Pode sintetizar sua proposta sociopolítica?
O Paraguai é uma ilha de abundância para umas 500 famílias rodeada por um mar de miseráveis. Por isso falo de um crescimento com eqüidade, não falamos de um socialismo igualitário. Depois de percorrer o país lhe digo que se nota a falta da presença do Estado e também de inversões privadas. Não creio no estatismo nem no capital que busca a completa desregulamentação.



O sr. se incomoda quando é comparado com Hugo Chávez e com Evo Morales?
Há quem queira desqualificar minha figura associando-a à de Chávez, mas creio que somos diferentes desde nossas raízes. Ele é um militar, eu venho de uma formação social e eclesiástica. Sobre Evo digo que ele pode ser muito válido na Bolívia, mas eles têm uma porcentagem muito alta de população indígena, e no Paraguai isso não ocorre. Creio que Evo rompe com o paradigma político tradicional e é importante fazer uma leitura correta do que isso significa. Ao mesmo tempo não se pode ser presidente só dos indígenas num país pluricultural e pluriétnico. De todo modo, me parece importante que o ingrediente étnico, que esteve tanto tempo esquecido, marque o governo de Evo. Estamos no século das grandes maiorias esquecidas pelos regimes oligárquicos que marcaram todos os nossos países e creio que a política é um processo, não creio nas torpezas irracionais. Creio que a flexibilidade não é sinal de fraqueza, mas de busca da verdade.



Quanto à religião, o sr. se vê como o novo Leonardo Boff da América Latina?
Não precisamente. Tenho uma suspensão canônica que de alguma forma me tira o ministério religioso, que é o que eu pedira. E assim fiz porque no Paraguai é proibido que ministros de qualquer religião ou culto possam se candidatar. Eu deixei esse ministério conscientemente.



Como julga a atitude do Papa?
Creio que o Papa é o campeão da liberdade de consciência. Creio que este Ratzinger já não é o Secretário da Teologia e da Fé, atualmente o Sumo Pontífice deve acentuar seu caráter de pastor universal.

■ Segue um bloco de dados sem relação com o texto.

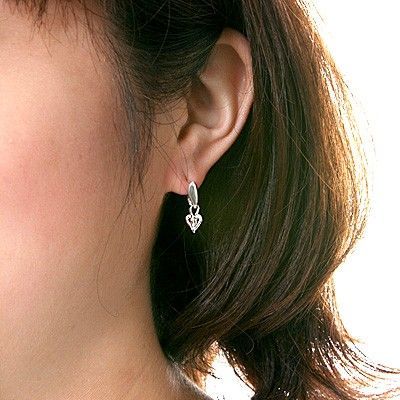 シルバースタッドピアス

O sr. se considera um religioso da Teologia da Libertação?
Sim, creio que foi a maior inspiração que tive em minha formação. Foi a ajuda científica e intelectual fundamental que me acompanhou em minha opção. Eu creio que a teologia da libertação e as comunidades eclesiais de base são instrumentos de aproximação com o povo e criam um tipo de padre que está próximo da vida cotidiana, sem divórcio entre a fé e a vida. Sempre quis levar isso adiante em minha vida religiosa em São Pedro, onde trabalhei com os camponeses e em outros lugares onde me coube trabalhar. O próprio Papa João Paulo II faz um reconhecimento da Teologia da Libertação como um patrimônio da Igreja universal, em sua carta aos bispos brasileiros.



Neste sentido, que lhe trouxe a visita a Chiapas, no México?
Tive a sorte de estar em Chiapas com Tatic Samuel Ruiz no encerramento de seu sínodo diocesano, em 1995. Essa viagem me trouxe uma nova perspectiva sobre a riqueza intercultural que chega à Igreja quando ela se incultura, quando se faz indígena. Creio que Samuel deixou um grande ensinamento que na vida dessa gente está o Cristo encarnado, o Cristo salvador, libertador.